Between 1899 and 1903, he served as the rabbi of Tula, Russia; and between 1905 and 1917, in Vitebsk. After Tula he served in Krolevets. In 1910 he participated in the All-Russian Rabbinic Congress. In 1912, he took part in the Agudat Israel congress in Katowice, Poland. He was chosen to be one of seven leading rabbis of the Russian-Jewish rabbinical congress in 1917, and was the only one left in 1922. Between 1927 and 1931, he again served in Tula. In 1930 he left Vietbsk due to a tax dispute. In 1933, he received the appointment to serve as the rabbi of the Moscow Choral Synagogue. By 1933 the Russian government had already shut down the mikvahs and synagogues other than that one, which was under close surveillance. By 1938, Medalia had become the unofficial primary spiritual leader of the Jewish community in the Soviet Union.

In 1938, while serving as chief rabbi in Moscow, he was convicted of collusion with German fascists, and of illegally promoting Jewish education. His son Moishe was also arrested.

His high-profile led the central offices of the NKVD in Moscow to directly handle his case rather than the distributed NKVD troikas. He was accused in court of communicating with Lubavitcher rebbe Yosef Yitzchok Schneersohn who had been arrested and exiled from the USSR in 1927. Medalia was a relative of Schneerson, who urged him to stay in Russia and lead the Jewish community there. Medalia was imprisoned, tortured, and interrogated for months. His wife Devorah wrote to Lazar Kaganovich begging for kosher food and matzah to be provided for him. Writing directly to Joseph Stalin, she begged, "I appeal to you, greatly esteemed Iosif Vissarionovich, with a request to help free my husband. The only thing it would be possible to charge him with is that he is a rabbi."

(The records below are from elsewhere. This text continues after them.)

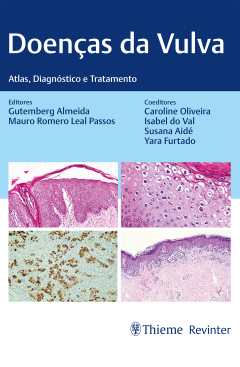 Continuar lendo: Doenças da Vulva: Atlas, Diagnóstico e Tratamento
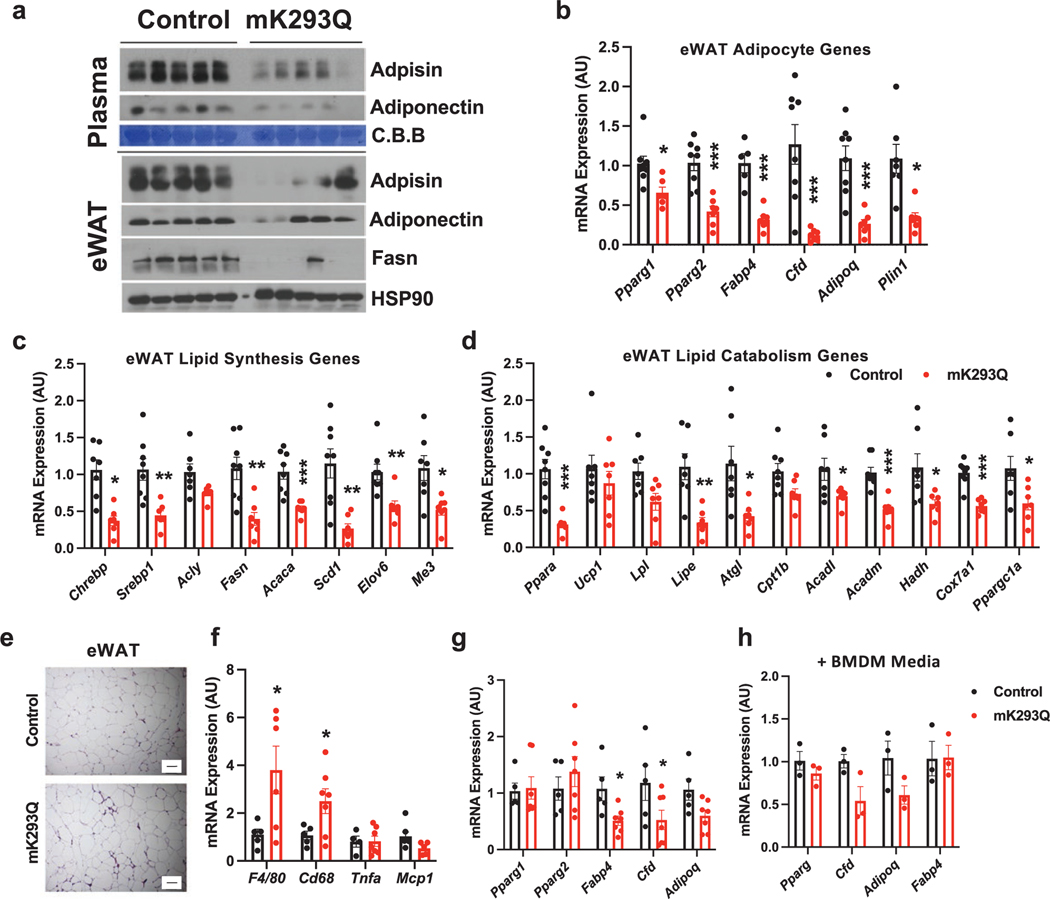 Acetylation of PPARγ in macrophages promotes visceral fat degeneration in obesity.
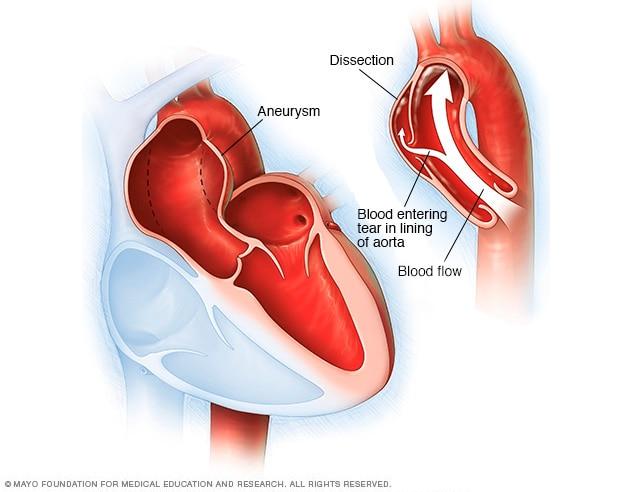Illustration showing aortic dissection and aortic aneurysm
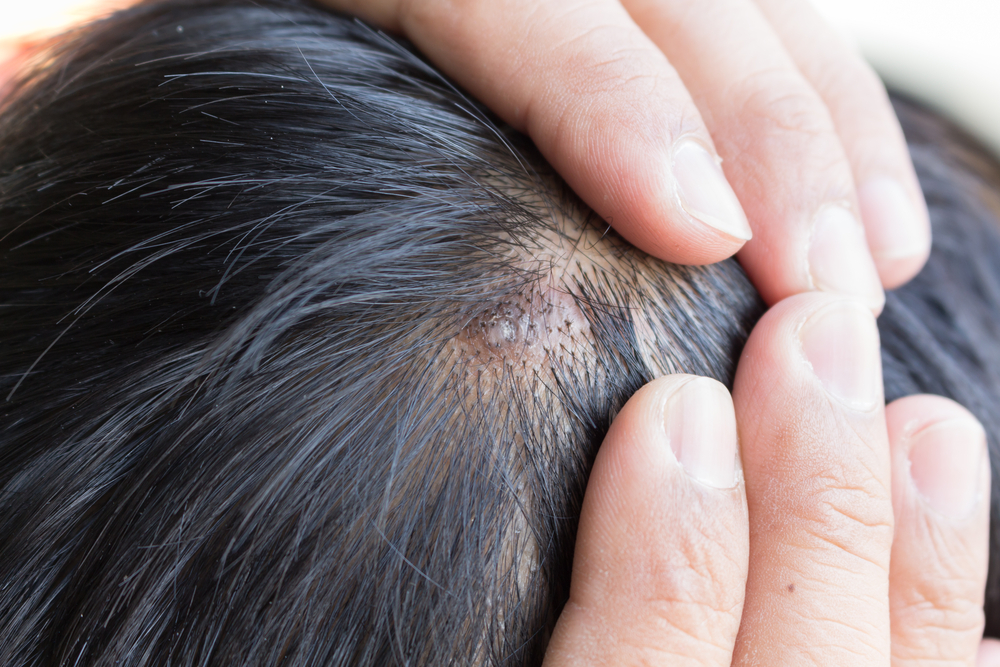 Causes of Scalp Acne: Why Is My Scalp Breaking Out?
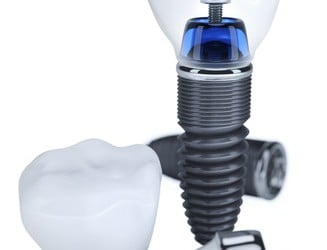 Metody implantacji zębów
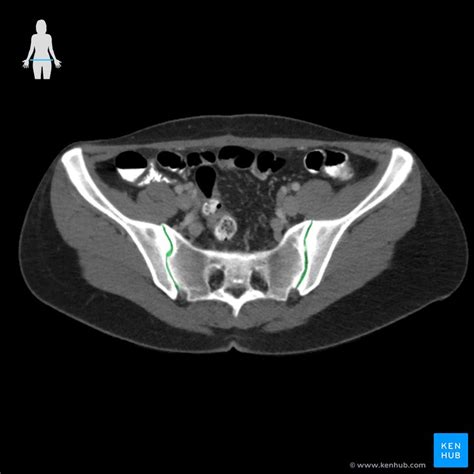 Sacroiliac Joint Anatomy And Ligaments Kenhub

In addition to communicating with German agents and "corrupting the youth," he was convicted of counterrevolutionary activities, including organizing matzah bakeries, selling aliyahs and seats in the synagogue, distributing money to the poor, and financing illegal yeshivas. He was accused of leading a group engaged in theft and speculation. He was also accused of cheating people and late night drunkenness.

The Military Collegium of the Supreme Court of the Soviet Union found him guilty under Articles 58-8 and 58-11 of Russian criminal code. Upon conviction, he was shot and buried in the common tomb in the Kommunarka shooting ground. He was posthumously exonerated after twenty years. Rabbi Pinchas Goldschmidt, who held the post of the rabbi of Moscow in 1991, presented the Choral Synagogue with a parokhet or ark curtain, in memory of Rabbi Medalia. Goldschmidt later left Russia and was declared an enemy of the state over his views on the Russian invasion of Ukraine, the first time since Medalia a rabbi was declared this.

His family finally received notice of his 1938 execution by the NKVD in 1964, with declassified KGB documents in 2008 revealing more details.